Exercise materials:

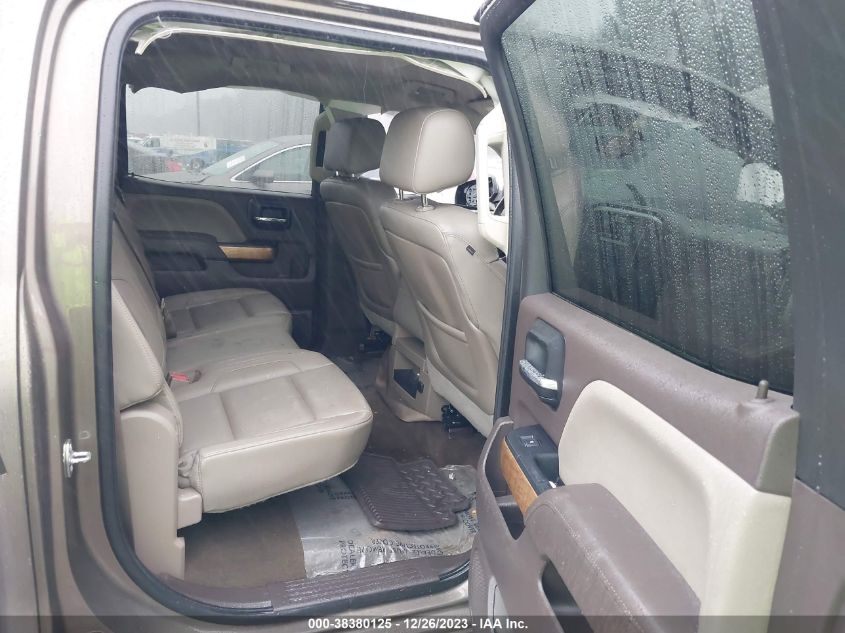 2015 CHEVROLET SILVERADO 1500 1LZ - 3GCPCSEC7FG395609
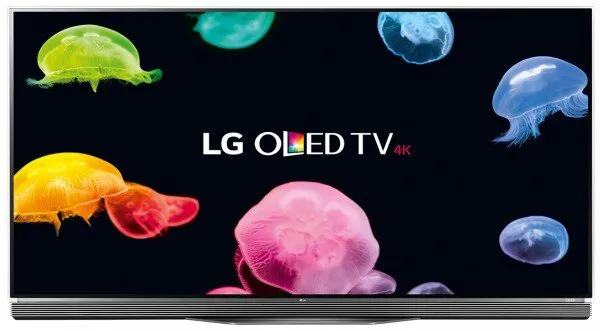 LG OLED55E6V Televizyon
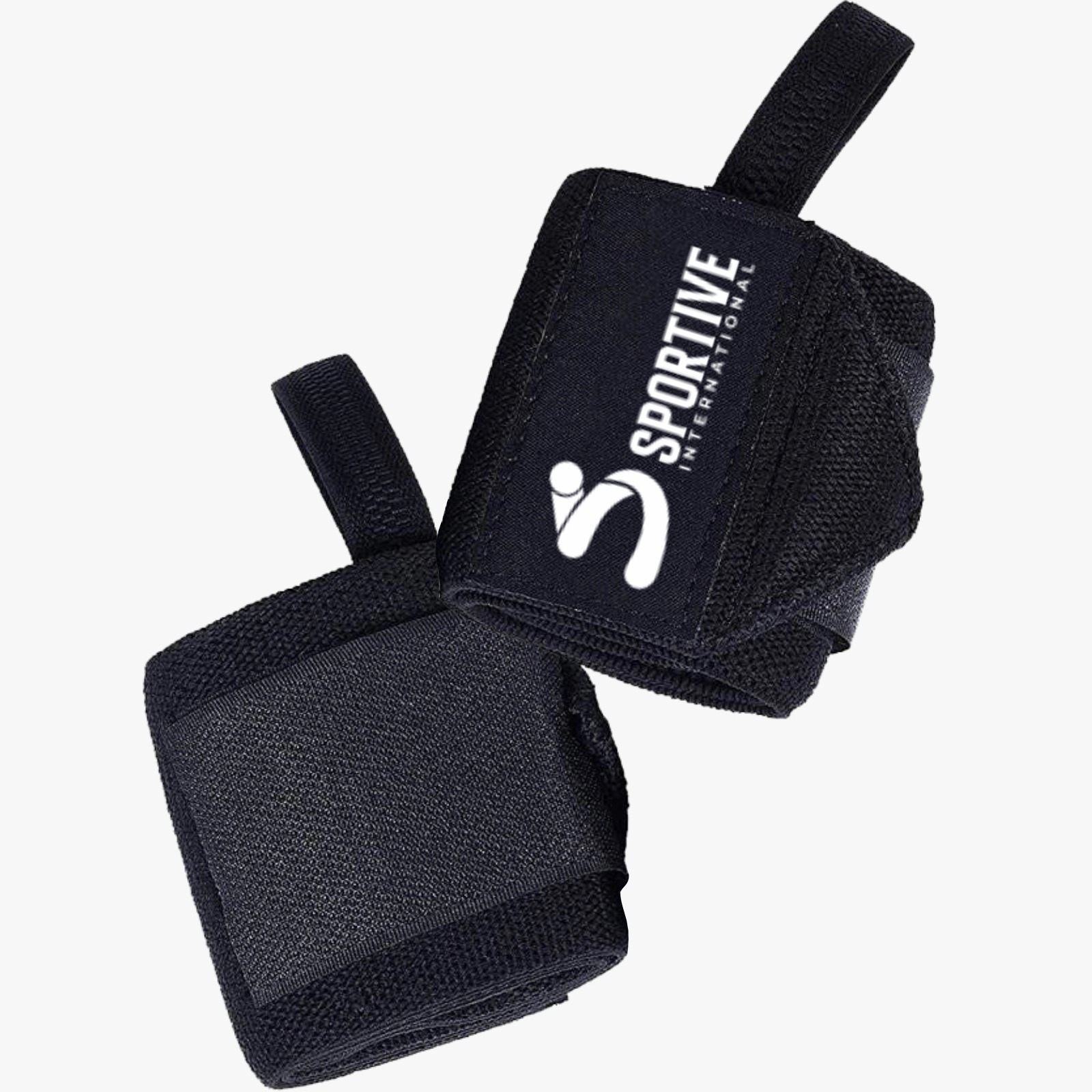 Wrist Wrap - Black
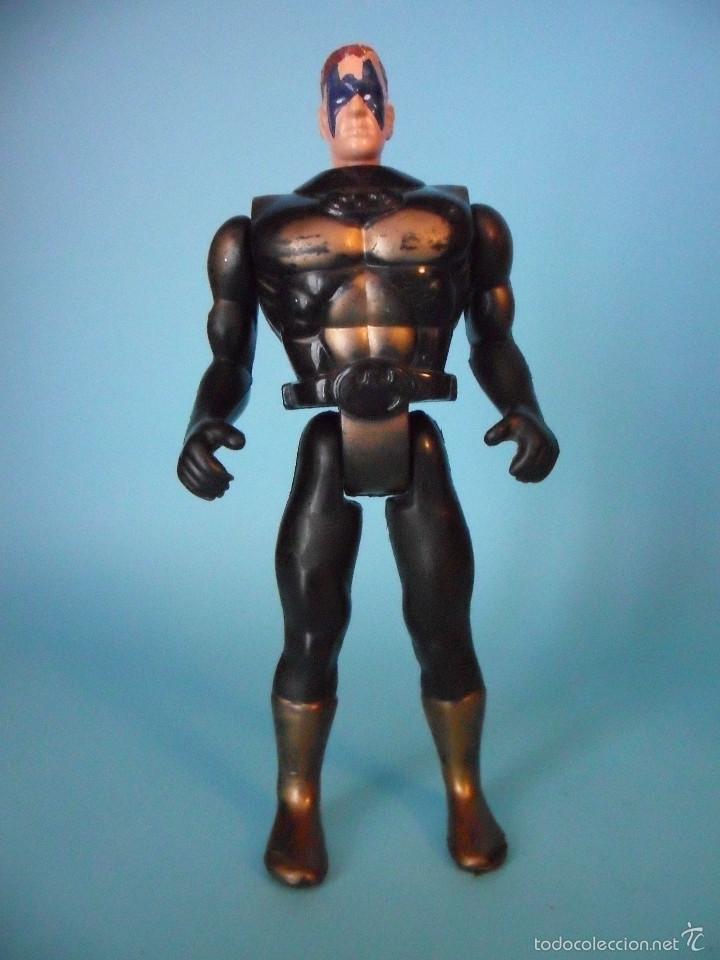 batman robin figura bootleg con torso de plasti - Buy DC action figures on  todocoleccion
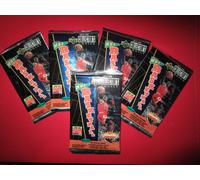 Upper Deck Basketball NBA Trading Card 96-97 - Michael Jordan - SEALED Booster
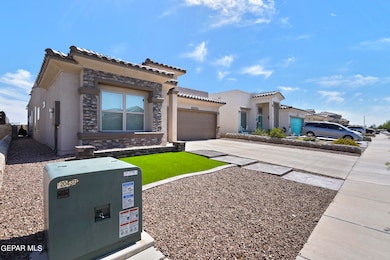 13649 Olney Ave, Horizon City, TX 79928 - photo 3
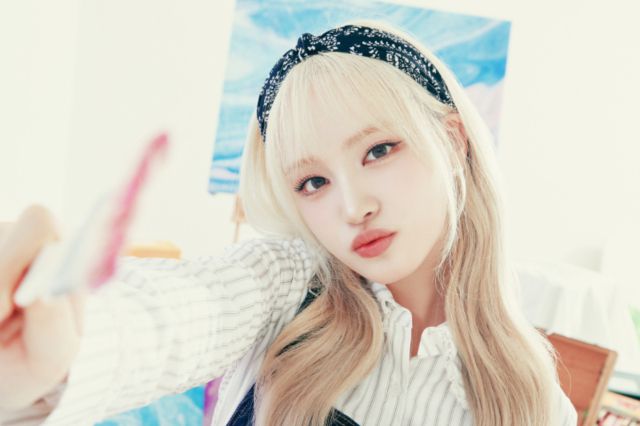 걸그룹 아이브 리즈가 ‘돌아온 무적 마루 데이’를 맞아 LG 승리 기원 시구에 나선다. 사진 | LG 트윈스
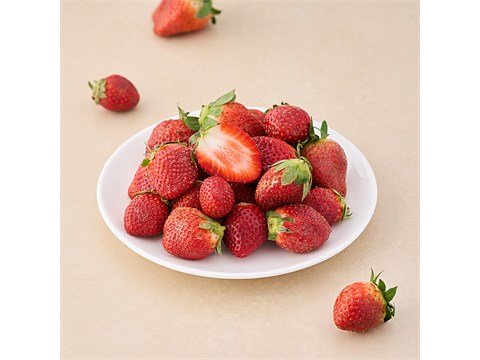 fresho! Strawberry - Organically Grown, 200 g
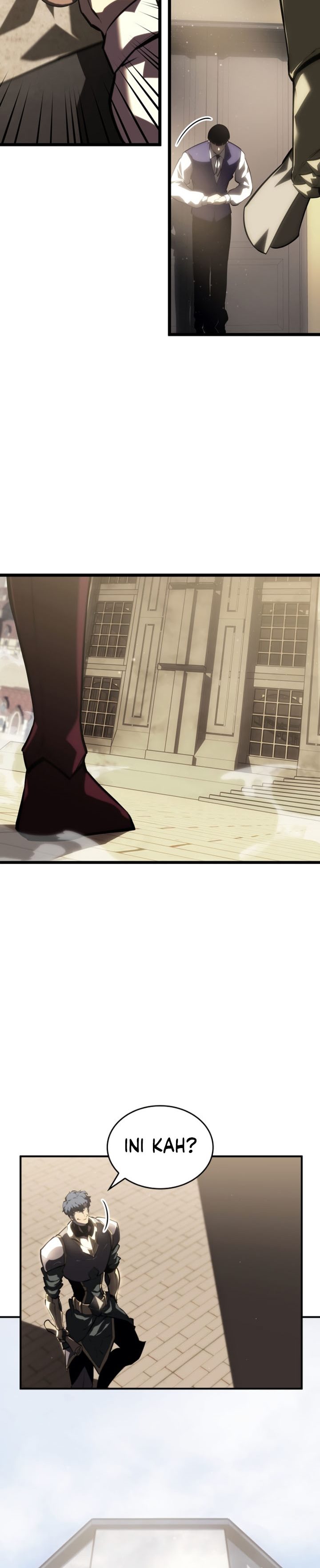 Return of the SSS-Class Ranker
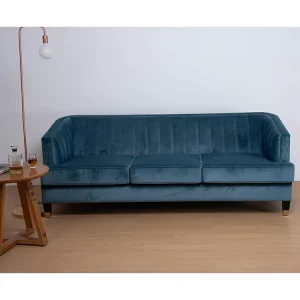 Stylish Luxury Modern Art Sectional Sofa Set Wood Frame Multi functional Contemporary Living Room Villa Office Hotel Comfortable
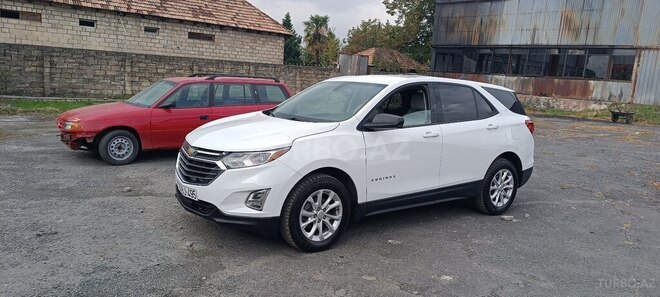 Chevrolet Equinox 2019, 128,000 km - 1.5 l - Bakı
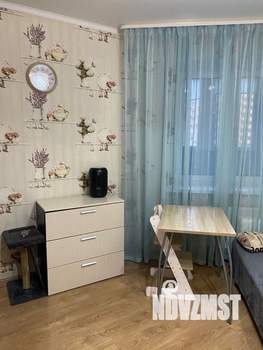 1-к квартира, на длительный срок, 38м2, 15/22 этаж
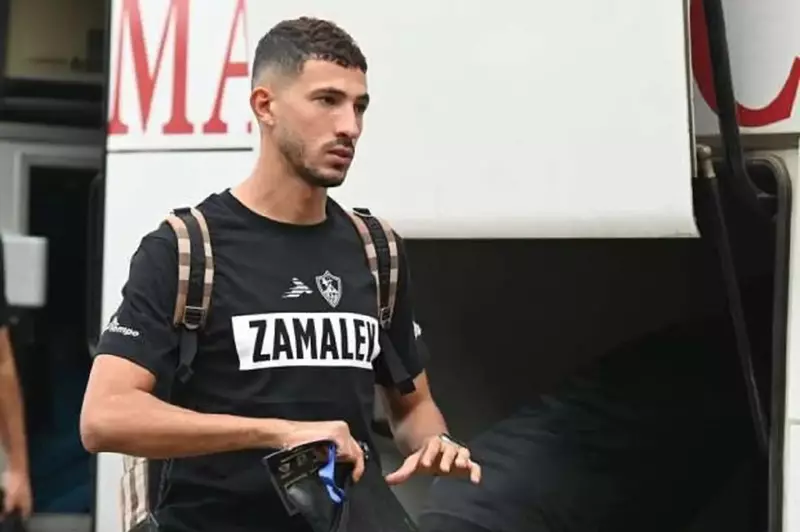 أحمد فتوح: رحلة الانتقال من الزمالك إلى الاعتذار في تسلسل زمني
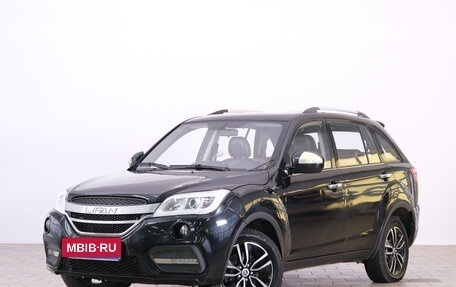 Lifan X60 I рестайлинг, 2017 год, 599 000 рублей, 4 фотография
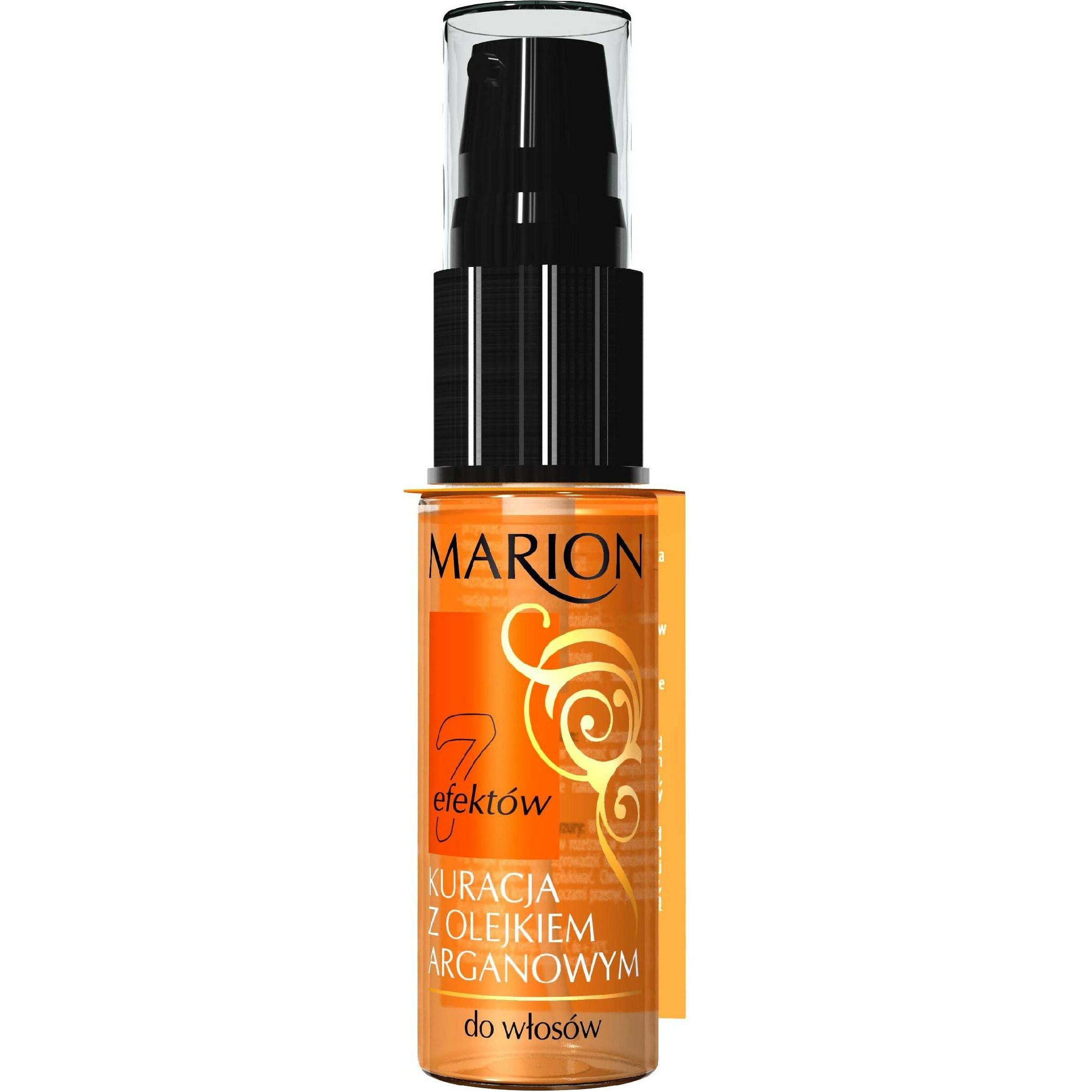 Marion, Haaröl + Haarserum, Hair Line Treatment mit Arganöl 15ml (15 ml)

Problem statement: The expected response is every entry above, repeated exactly, pictures removed.

Worked solution:
 2015 CHEVROLET SILVERADO 1500 1LZ - 3GCPCSEC7FG395609
 LG OLED55E6V Televizyon
 Wrist Wrap - Black
 batman robin figura bootleg con torso de plasti - Buy DC action figures on  todocoleccion
 Upper Deck Basketball NBA Trading Card 96-97 - Michael Jordan - SEALED Booster
 13649 Olney Ave, Horizon City, TX 79928 - photo 3
 걸그룹 아이브 리즈가 ‘돌아온 무적 마루 데이’를 맞아 LG 승리 기원 시구에 나선다. 사진 | LG 트윈스
 fresho! Strawberry - Organically Grown, 200 g
 Return of the SSS-Class Ranker
 Stylish Luxury Modern Art Sectional Sofa Set Wood Frame Multi functional Contemporary Living Room Villa Office Hotel Comfortable
 Chevrolet Equinox 2019, 128,000 km - 1.5 l - Bakı
 1-к квартира, на длительный срок, 38м2, 15/22 этаж
 أحمد فتوح: رحلة الانتقال من الزمالك إلى الاعتذار في تسلسل زمني
 Lifan X60 I рестайлинг, 2017 год, 599 000 рублей, 4 фотография
 Marion, Haaröl + Haarserum, Hair Line Treatment mit Arganöl 15ml (15 ml)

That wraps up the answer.